**REQUIRED WORK:**
The data below contains pictures, which are to be skipped; the lines starting at the line with "Hey guys, reptileboy44" and ending at the line with "I just thought" are to be output exactly, both ends included.

**EXCERPTED DATA:**
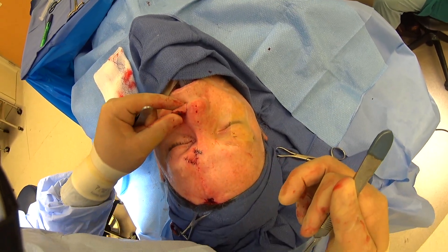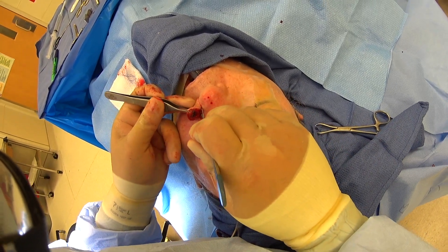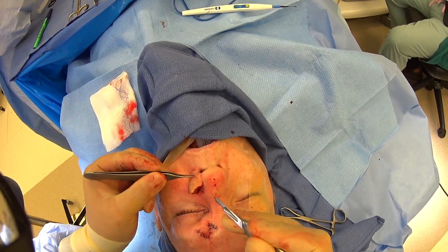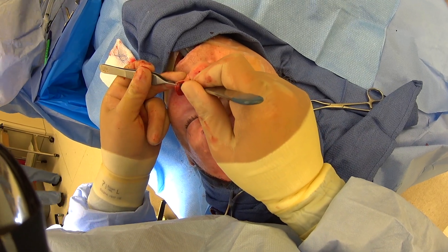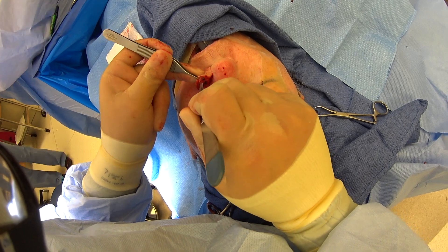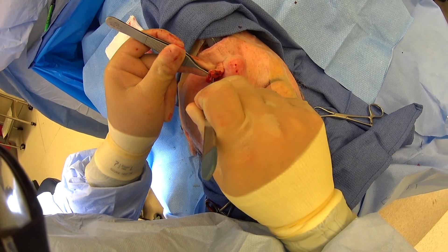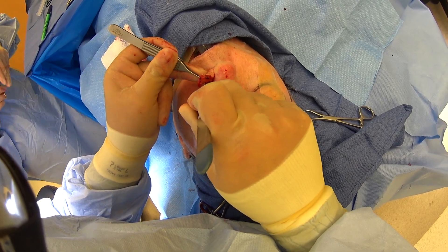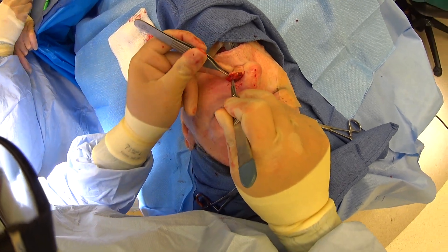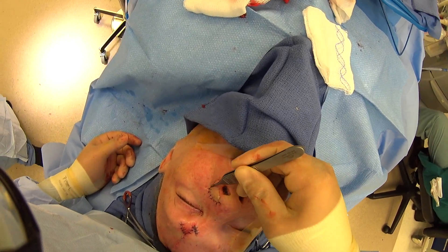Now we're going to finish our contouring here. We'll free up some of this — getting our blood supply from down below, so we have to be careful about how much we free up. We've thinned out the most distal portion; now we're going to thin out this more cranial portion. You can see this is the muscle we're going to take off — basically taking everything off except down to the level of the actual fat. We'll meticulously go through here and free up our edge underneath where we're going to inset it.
==
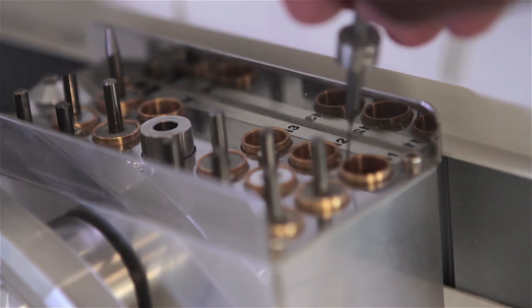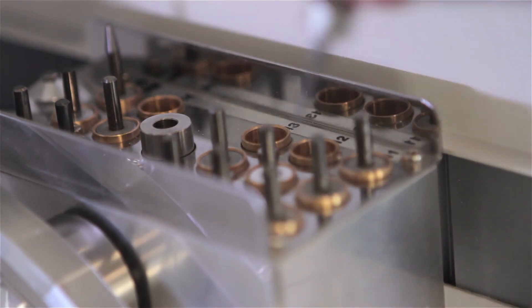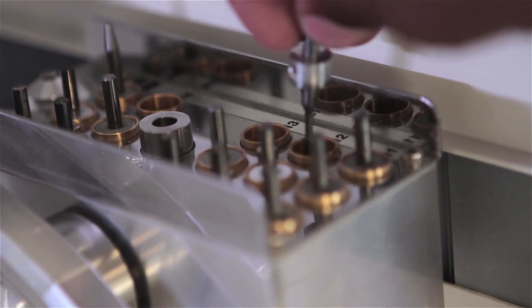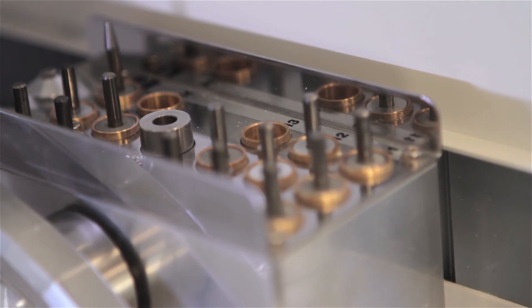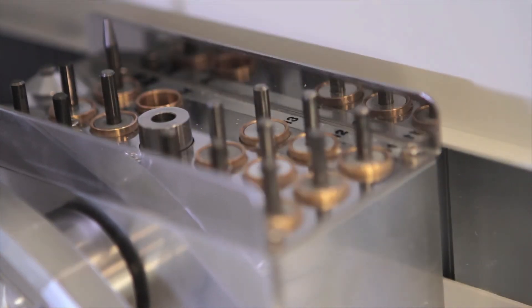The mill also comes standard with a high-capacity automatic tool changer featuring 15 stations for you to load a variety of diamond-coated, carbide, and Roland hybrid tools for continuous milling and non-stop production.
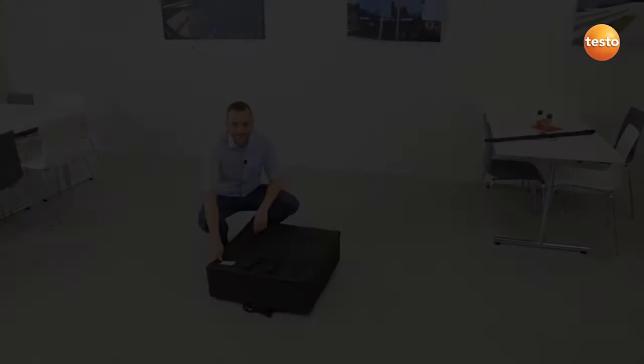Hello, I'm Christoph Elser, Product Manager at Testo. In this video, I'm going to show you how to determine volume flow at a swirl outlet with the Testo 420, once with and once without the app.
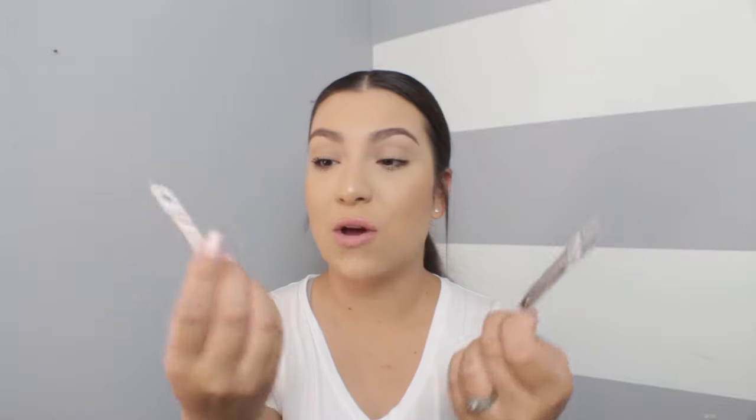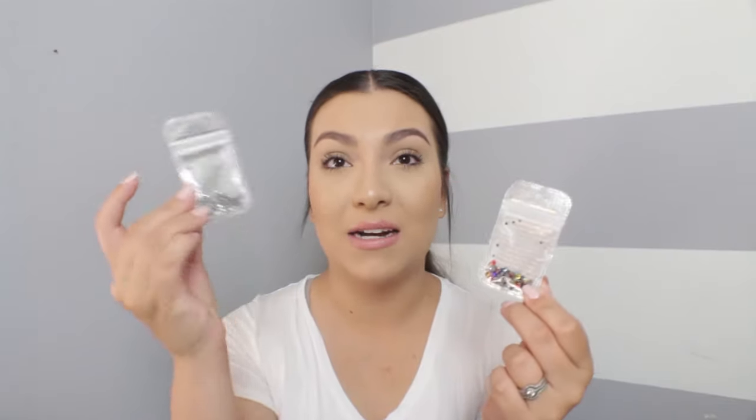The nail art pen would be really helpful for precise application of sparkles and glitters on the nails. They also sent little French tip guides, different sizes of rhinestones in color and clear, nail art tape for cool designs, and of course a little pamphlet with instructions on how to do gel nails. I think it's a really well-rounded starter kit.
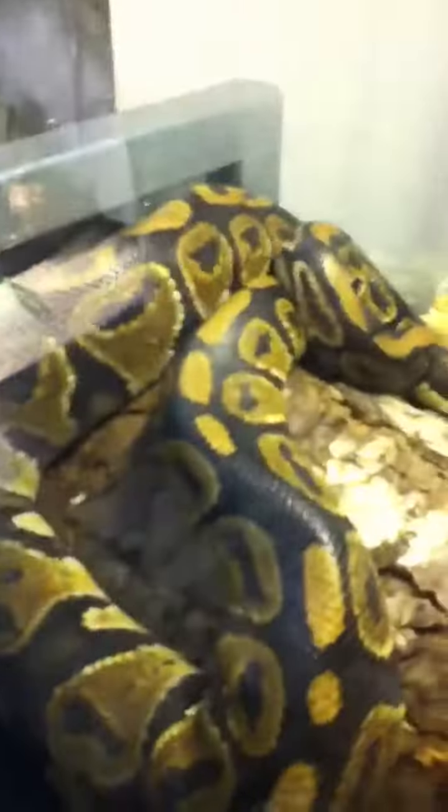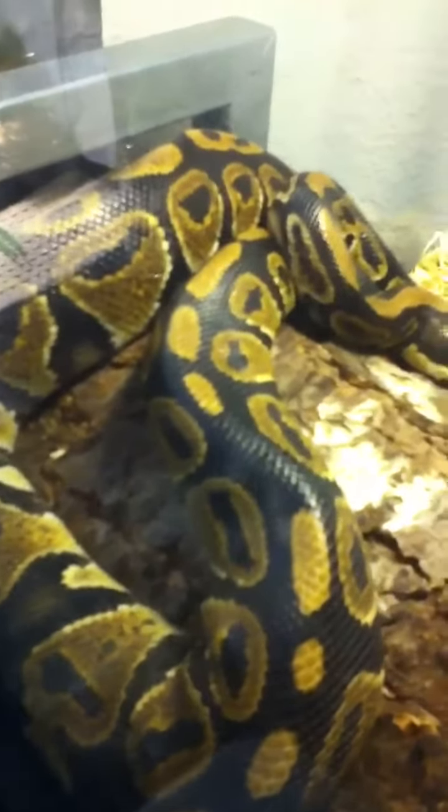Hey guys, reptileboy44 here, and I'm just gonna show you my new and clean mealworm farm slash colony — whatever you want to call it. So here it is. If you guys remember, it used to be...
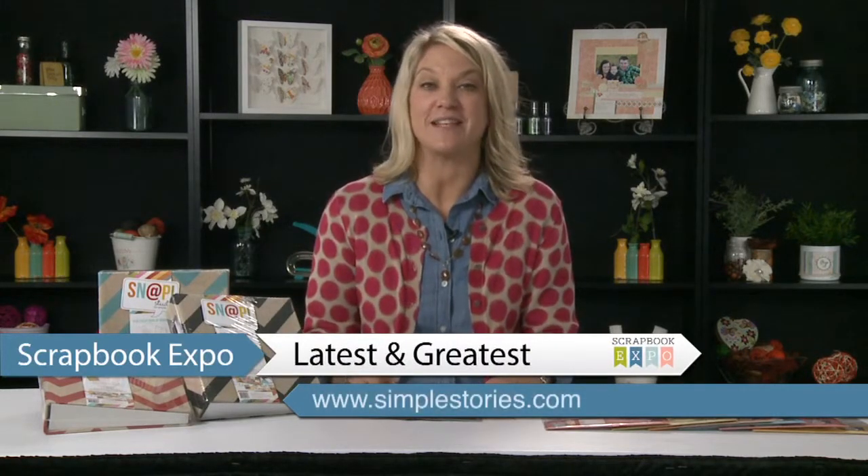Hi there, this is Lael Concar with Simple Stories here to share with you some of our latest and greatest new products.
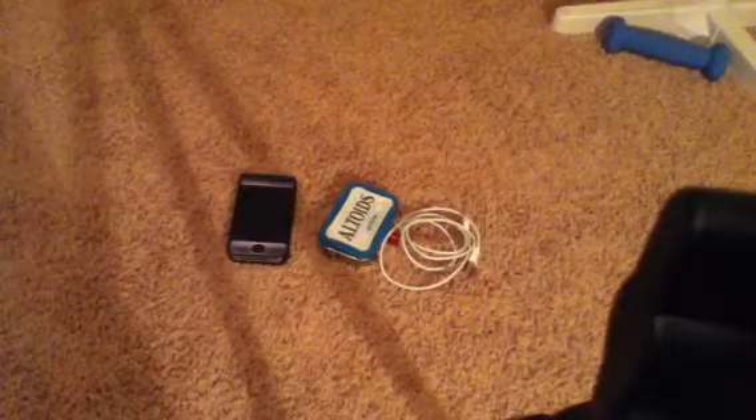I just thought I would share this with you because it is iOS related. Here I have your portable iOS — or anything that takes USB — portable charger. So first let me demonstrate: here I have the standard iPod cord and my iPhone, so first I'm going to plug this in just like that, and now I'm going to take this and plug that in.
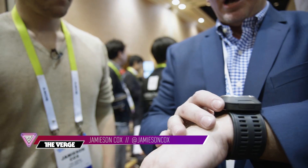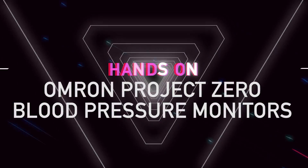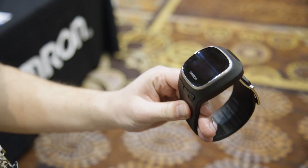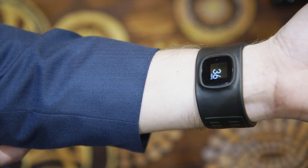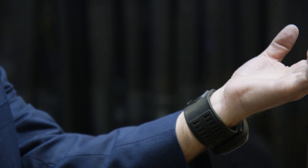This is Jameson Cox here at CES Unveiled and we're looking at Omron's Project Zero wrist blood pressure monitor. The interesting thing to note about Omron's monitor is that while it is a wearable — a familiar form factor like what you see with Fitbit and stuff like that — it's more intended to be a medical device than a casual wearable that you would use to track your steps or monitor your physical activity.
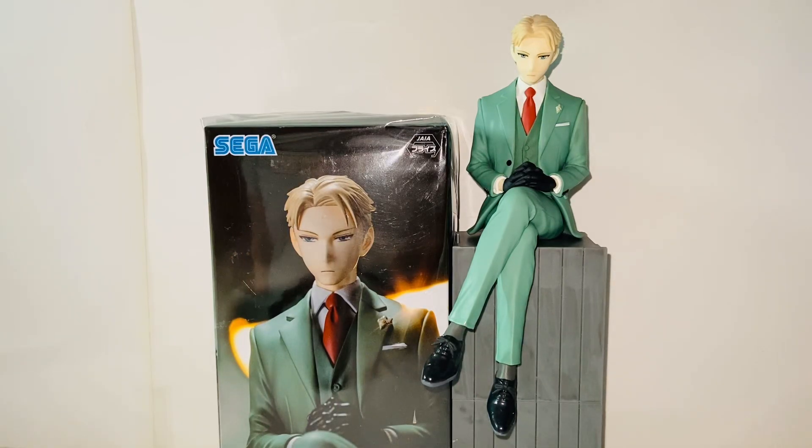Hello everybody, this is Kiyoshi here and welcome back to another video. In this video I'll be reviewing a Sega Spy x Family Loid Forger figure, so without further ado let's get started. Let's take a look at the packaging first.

**YOUR RESPONSE:**
Hey guys, reptileboy44 here, and I'm just gonna show you my new and clean mealworm farm slash colony — whatever you want to call it. So here it is. If you guys remember, it used to be...
Hi there, this is Lael Concar with Simple Stories here to share with you some of our latest and greatest new products.
I just thought I would share this with you because it is iOS related. Here I have your portable iOS — or anything that takes USB — portable charger. So first let me demonstrate: here I have the standard iPod cord and my iPhone, so first I'm going to plug this in just like that, and now I'm going to take this and plug that in.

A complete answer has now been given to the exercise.